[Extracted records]
------------

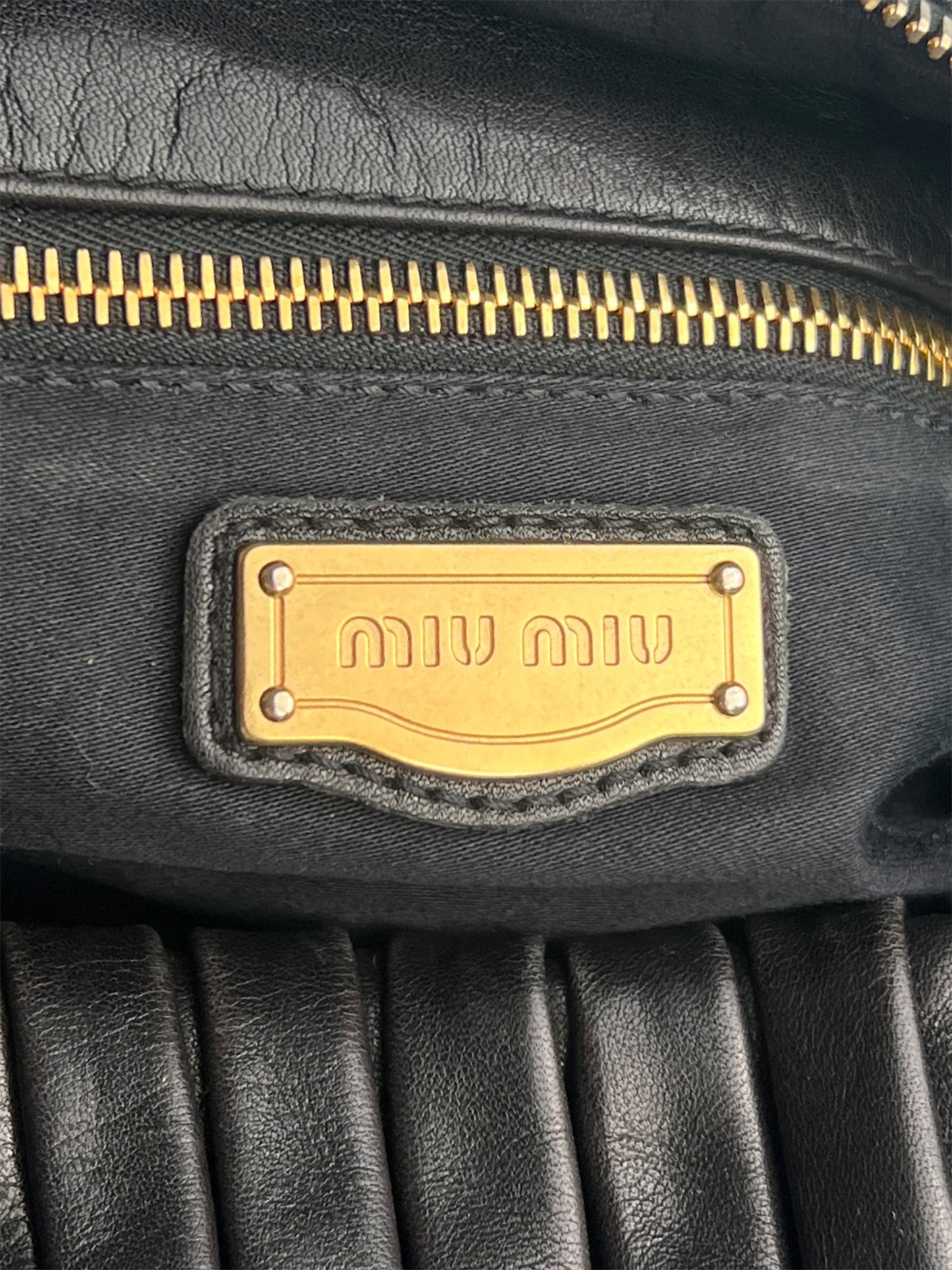 Miu Miu Plisse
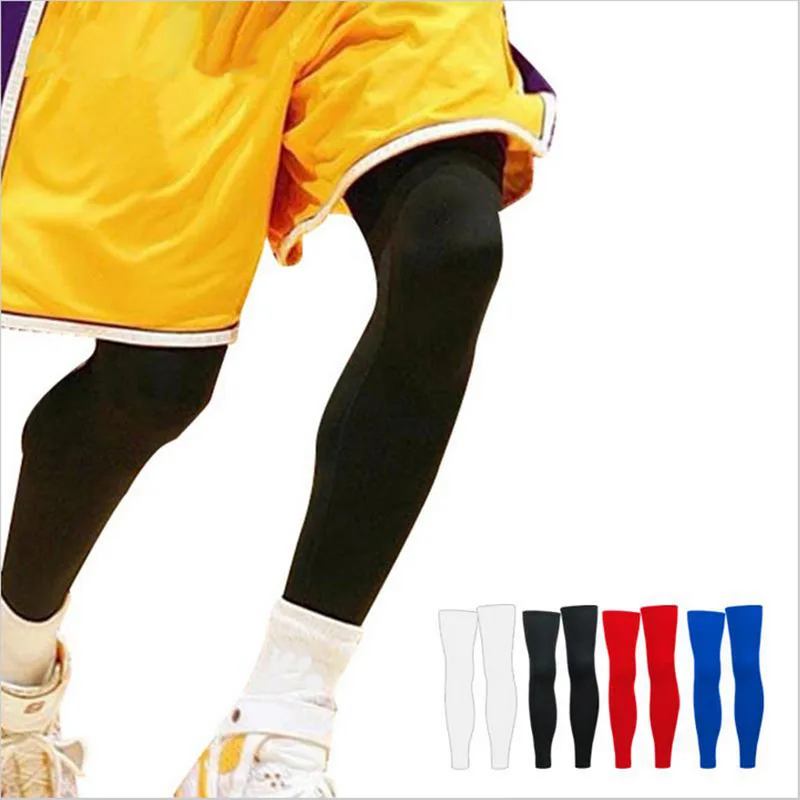 1PCS Super Elastic Spandex Basketball Knee Pad Support Brace Football Leg Calf Thigh Compression Sleeve Sports Safety HX001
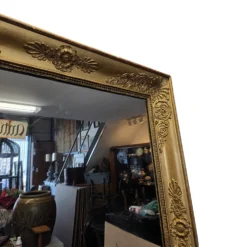 Miroir doré français ancien, début des années 1800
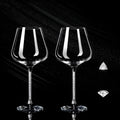 Kristallglas i 2-pack – Eleganta vinglas | Höga & Lyxiga för fester & evenemang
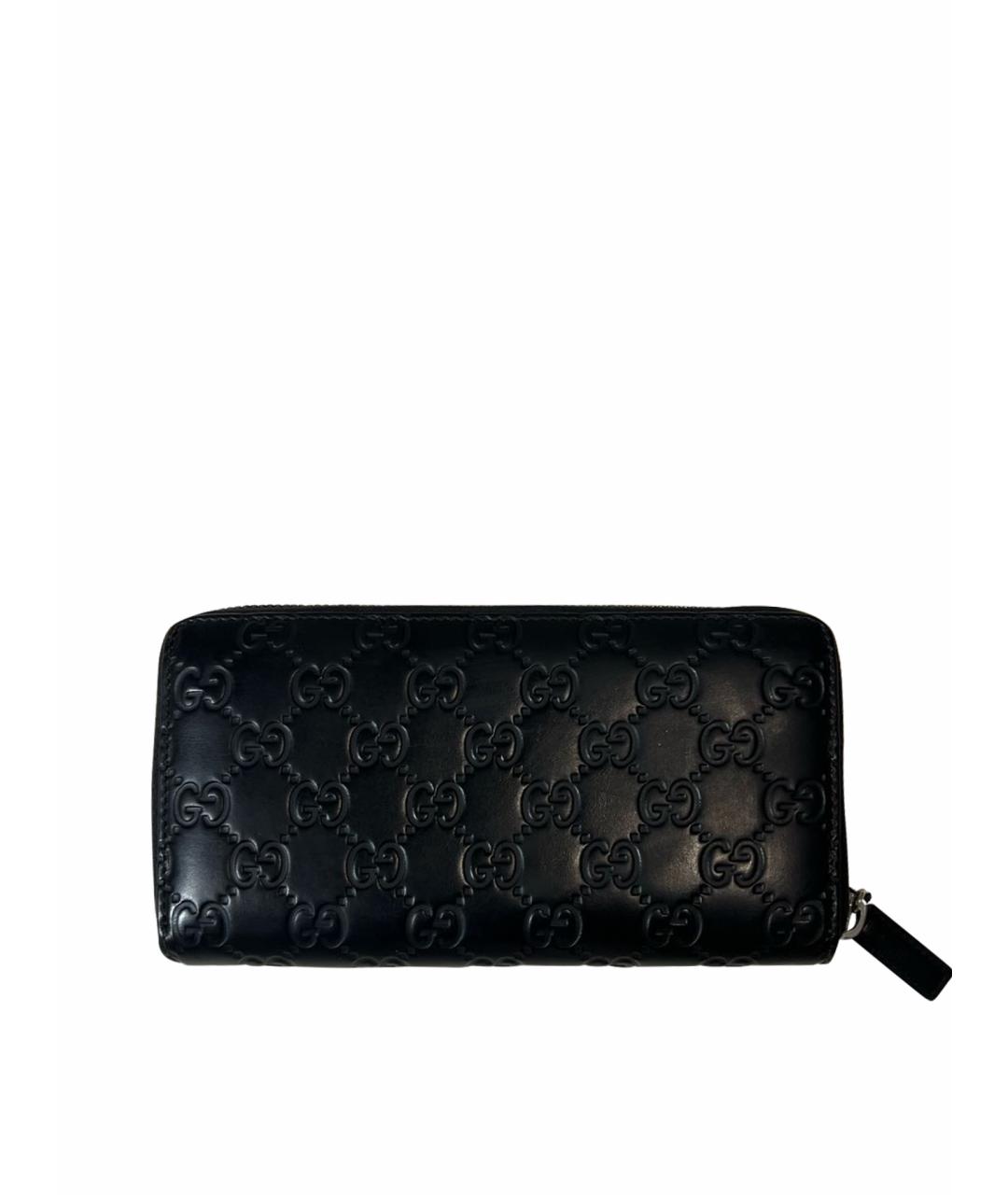GUCCI Черный кожаный кошелек, фото 1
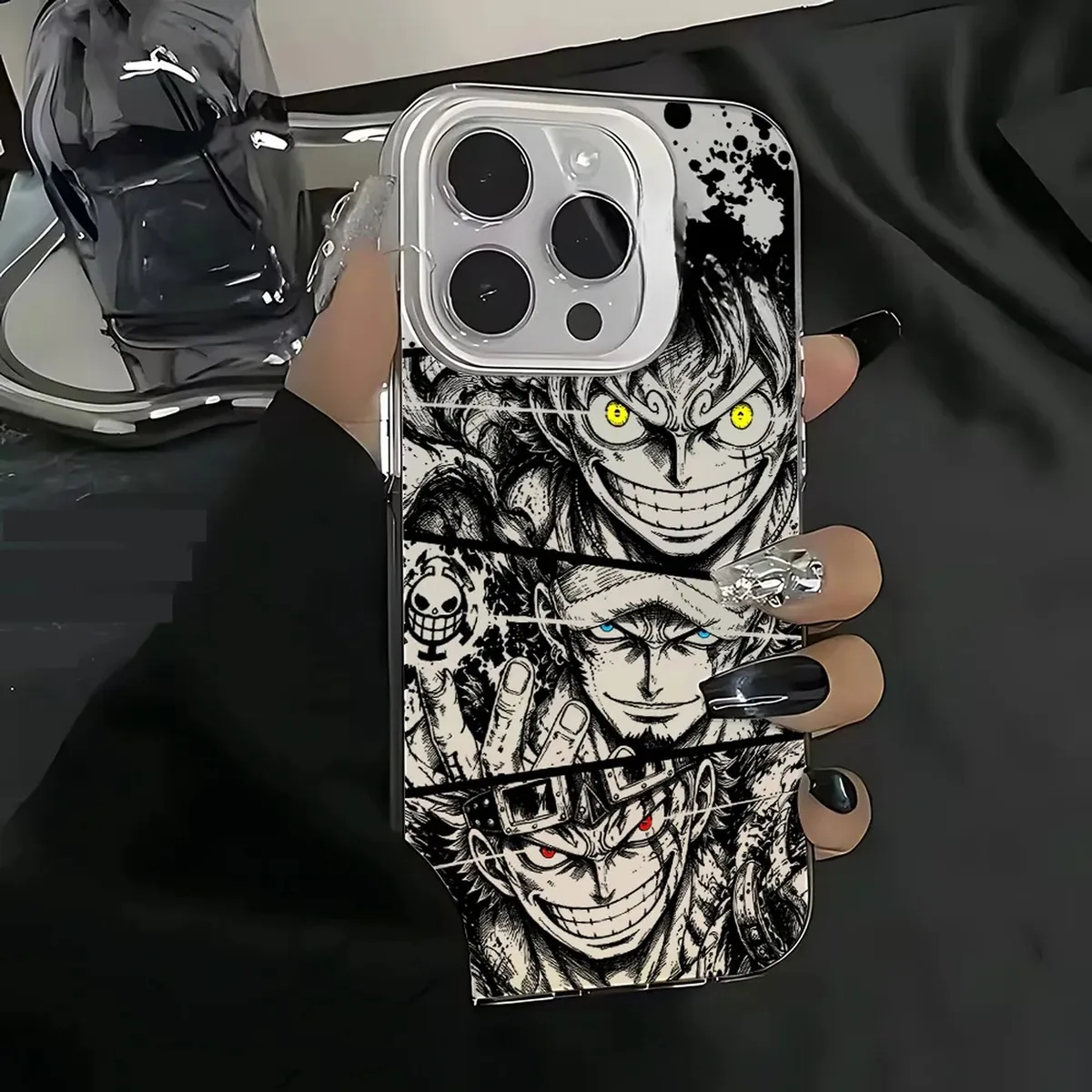 Funda de teléfono One Piece Luffy para iPhone 18 y modelos anteriores – cyw 444y148a1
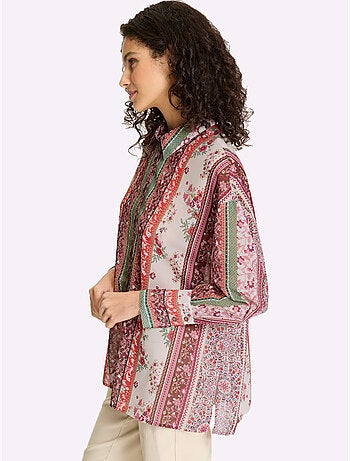 Chemisier Motif Imprimé Exclusif - Taille Standard - helline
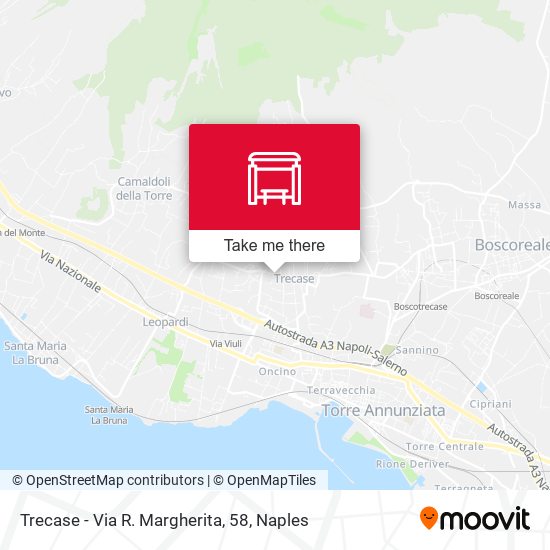 Trecase - Via R. Margherita, 58 map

------------

WHAT THIS TASK INVOLVES - Only the lines from the one containing "1PCS Super Elastic" through the last line of the entries above should be copied, exactly as they are and without the pictures.

SOLUTION FOR THIS PROBLEM -
 1PCS Super Elastic Spandex Basketball Knee Pad Support Brace Football Leg Calf Thigh Compression Sleeve Sports Safety HX001
 Miroir doré français ancien, début des années 1800
 Kristallglas i 2-pack – Eleganta vinglas | Höga & Lyxiga för fester & evenemang
GUCCI Черный кожаный кошелек, фото 1
 Funda de teléfono One Piece Luffy para iPhone 18 y modelos anteriores – cyw 444y148a1
 Chemisier Motif Imprimé Exclusif - Taille Standard - helline
 Trecase - Via R. Margherita, 58 map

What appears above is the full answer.